Regular metro riders quickly develop a "feel" for their daily commute; they learn to process subtle visual and auditory cues that go unnoticed by the tourist or weekend rider. With a glance, the intuitive rider can gauge the vital statistics of the day's commute: is it more crowded today than usual? less busy than yesterday? are the trains backed up?

I ride in the last of six cars from Metro Center to Takoma every afternoon. My intuitive assessment of the crowd begins as I step on the escalator down to the platform. I'm like an experienced park ranger estimating the crowd on the lawns during a weekend outdoor concert. Usually, just by glancing at the people standing, waiting for the train, I can predict how pleasant my commute will be. A sparsely distributed crowd -- the kind I most often see because I tend to leave work at 6:30 or 7:00pm -- means that I'll be able to sit where I like: close to a door (but not in a senior citizen or handicapped section), in the inside seat, and maybe even without a neighbor.

A slightly larger crowd (that's the thing with intuitive cues, I can't put into words how much bigger the crowd needs to be, but if you showed me pictures of people on platforms I could shout out my report like a savant counting spilled jelly beans) and I'll be sitting on the aisle, somewhere far from any door in the middle of the car. Add a few dozen more people, and I'll have to sprint to the one or two empty seats on my car -- probably beating out a mother laden with children and bags in the process. One more step up, and I'll definitely be standing, but with enough breathing room to pull out my book and read. At the next level, I'll forget about the book, and just stare solemnly at the other miserable commuters. Crowd even more people onto the platform -- and at this point all it would take is one sadistic shove and someone would end up on the tracks -- and I'll be standing cheek-to-jowl as temperatures and tempers rise. Finally, anything past this level and I'll turn heel, and wander through the Hecht's above Metro Center for a half hour.

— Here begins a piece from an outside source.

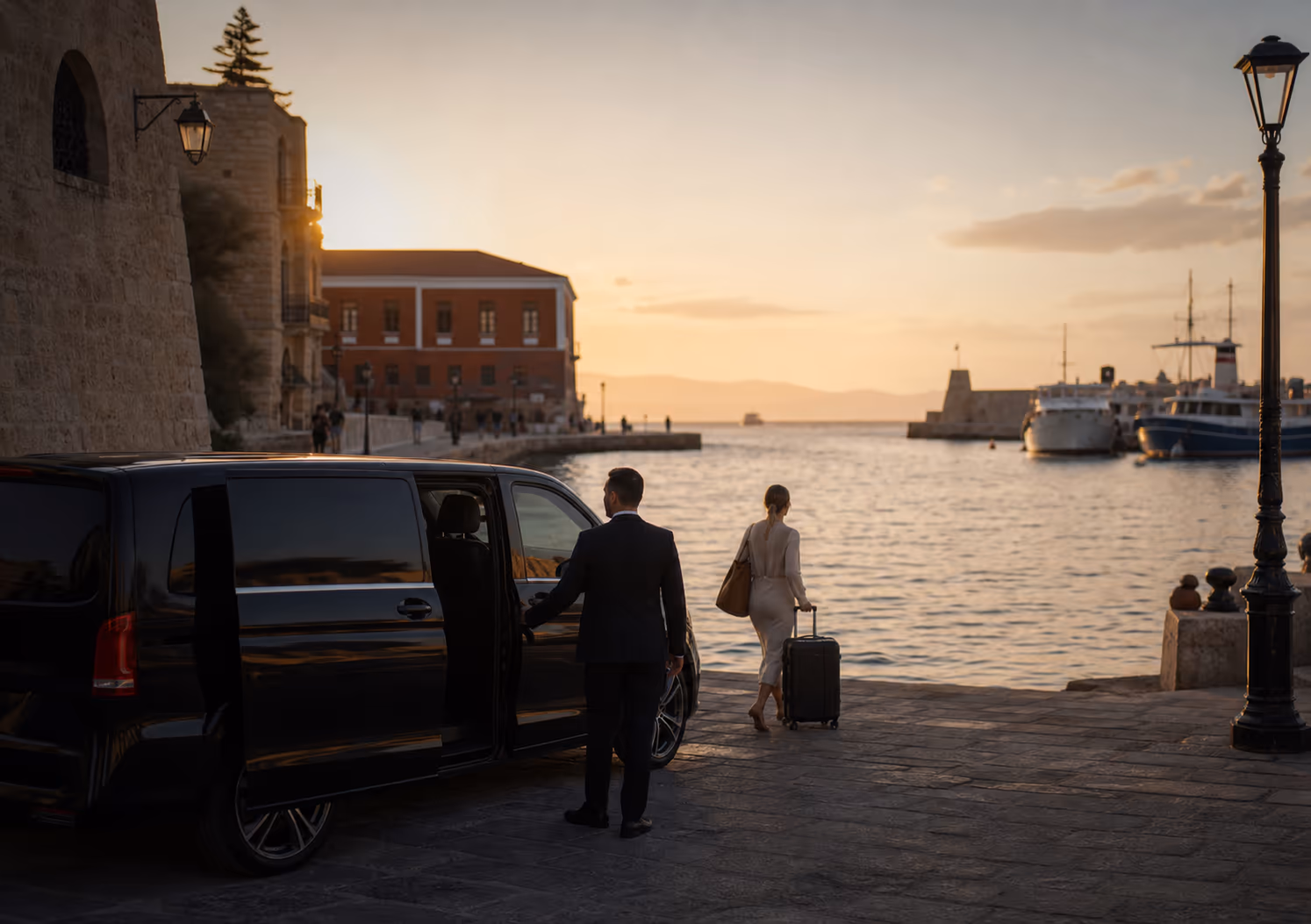 Luxury transfer road in Crete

But, the quality of my predictions from the top of the escalator can't compare to the gut instinct I feel as the train emerges from the tunnel. All it takes is a glance at the first three cars of the six car train, and I know with great accuracy and detail what the last car will look like. The first car is always less crowded than the second, and the second less than the third, but I can tell by looking at the three whish by, exactly what the day's commute will be. </Paul> <!--7:53 AM-->

Monday, June 16, 2003

<Paul> A Segway

A three month hiatus is pretty pitiful, even for a blog that isn't linked from the outside world and that has no readership to speak of. To help guide me out of my posting funk, I thought I'd post a non-Metro-although-tangentially-transit-related post.

The Segway scares me. If you don't know what I'm talking about, go enter "Segway" into Google and have a read; I'll wait. Welcome back. I'm terrified of the Segway because of the ridiculous amount of hype that preceded it; because it's masquerades as a geek-gadget although it's really a status symbol designed by rich people and being bought by rich people who aren't geeks at all; and because, after the photos that emerged this past weekend, it reminds me of that dumb guy that we call President.

What scares me most about this thing is that someone claims that Steve Jobs once said that people would "design cities around it." This is the type of perverse thought that brings comfort to Segway's investors but scares the bejeezers out of me. We built cities around cars, and we almost destroyed urban life in the process. A city built to the Segway-scale will be a city too large for pedestrian life; widened streets with Segway-friendly lanes will eat away at valuable sidewalk space; Segway "parking lots" will appear. And the homeless won't drive Segways. College students won't have their own Segways. Cities will be pleasant and accessible for rich and middle-class professionals; it will be too large and too populated by fast moving, good lookin' lawn mowers for anyone else's tastes.

I'm comforted by the fact that I'm a late joiner to the Segway backlash. Plenty of other people have commented on these negative points, most more eloquently than have I. San Francisco has banned them from sidewalks. And slashdot quotes today from the new book about Segway that Steve Jobs' first impression of the thing was that he thought it sucked, meaning that the earlier-reported quote was either apocryphal, or a warning.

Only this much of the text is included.